US and Iran resume nuclear talks in Geneva

US Secretary of State says “significant gaps” remain ahead of deadline to agree deal over Tehran’s nuclear programme.

Switzerland - Iran nuclear talks
Observers said there is a heightened sense of urgency as the clock ticks down towards a March 31 deadline [EPA]

US Secretary of State John Kerry and his Iranian counterpart Mohammad Javad Zarif have met for two hours in Geneva in another round of nuclear talks to try to narrow gaps as they pressed against a March 31 deadline to reach a political agreement.

Sunday’s meeting included for the first time US Secretary of Energy Ernest Moniz and Iran’s nuclear chief Ali Akbar Salehi, who spent most of the day separately negotiating technical details of curbing Iran’s nuclear programme.

The talks are set to resume on Monday before Kerry returns to Washington in time to testify before the Senate foreign relations committee on Tuesday on the State Department’s 2016 budget request.

Zarif told Iranian state media that mid-level bilateral talks had produced “good discussions but no agreements”, and some differences remained.

“The fundamental gap, in my view, is psychological.

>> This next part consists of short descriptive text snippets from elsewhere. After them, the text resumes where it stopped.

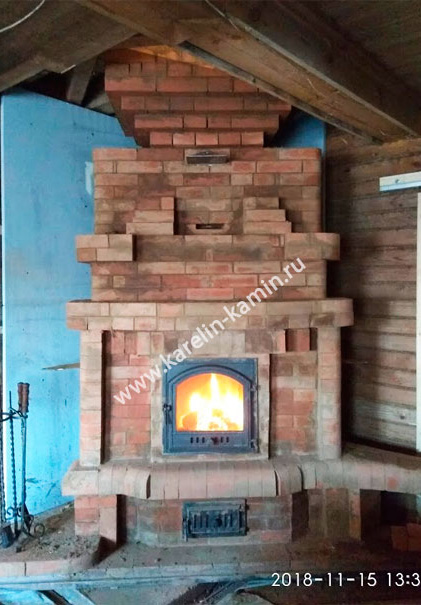 Фотография гловой каминопечи №148(А) - karelin-kamin.ru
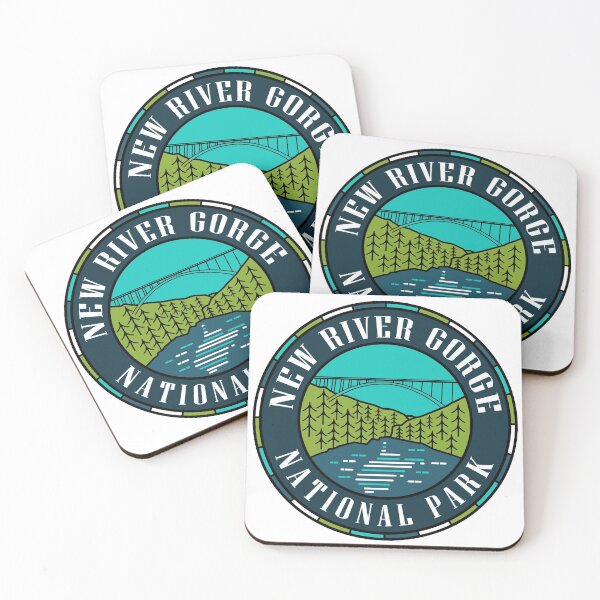 Item preview, New River Gorge National Park Blue designed and sold by VanyaKar.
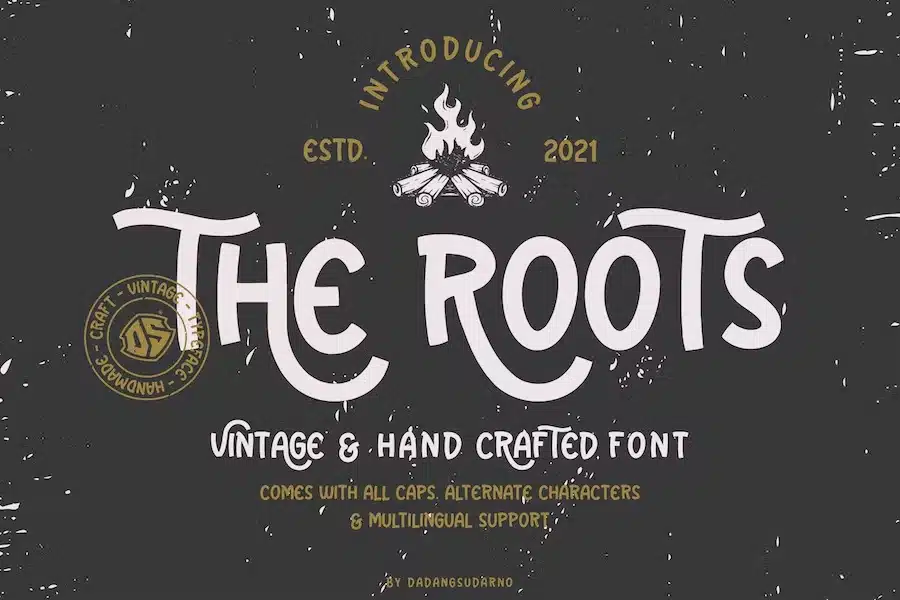 The Roots - Vintage and Hand Crafted Font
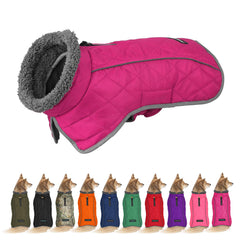 Manteau Fragralley pour chien imperméable avec doublure chaude rose XL.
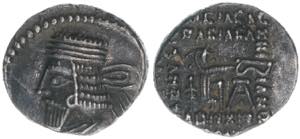 Vologases I. 51-76/80 Parther. Drachme, ... 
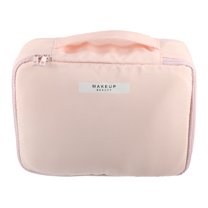 Unique Bargains 1 Pcs Makeup Bag Cosmetic Travel Bag Case Large Makeup Bag Make Up Brush Organizer Bag for Women Pink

Some Western countries, the United States in particular, see sanctions as an asset, a lever to exert pressure on Iran. As long as this thinking persists it will be very hard, difficult to reach a settlement.”

Zarif said the inclusion of Moniz and Salehi reflected a need “for higher level people with all-embracing command over all issues”. The presence of a close aide and the brother of Iranian President Hassan Rouhani, Hossein Fereydoon, meant better “coordination with the president”, he added.

The talks took place behind closed doors with no customary photo opportunity for journalists covering the meetings.

‘Distance to travel’

Kerry on Saturday cautioned against reading too much into the presence of Moniz in Geneva, which US officials said was decided after Iran announced Salahi would attend. “There is still a distance to travel,” he told a news conference in London.

The negotiations between Iran and P5+1 powers – including the United States, Britain, Germany, Russia and China – have reached a sensitive stage with divisions remaining, mainly over Iranian uranium enrichment and the pace of removing sanctions.

A recent UN report said Iran had refrained from expanding tests of more efficient models of a machine used to refine uranium under a nuclear agreement with the six world powers. Development of advanced centrifuges is feared to lead to material potentially suitable for manufacture of nuclear bombs, which Iran says it does not intend to develop.

Kerry said US President Barack Obama was not inclined to extend the talks again after the parties already missed a November 2014 target date.

Obama believed it was “imperative to be able to come to a fundamental political outline and agreement within the time space that we have left”, the secretary of state said.

Zarif said Rouhani would not accept a small, short-term agreement, nor a broad accord that left room for interpretation.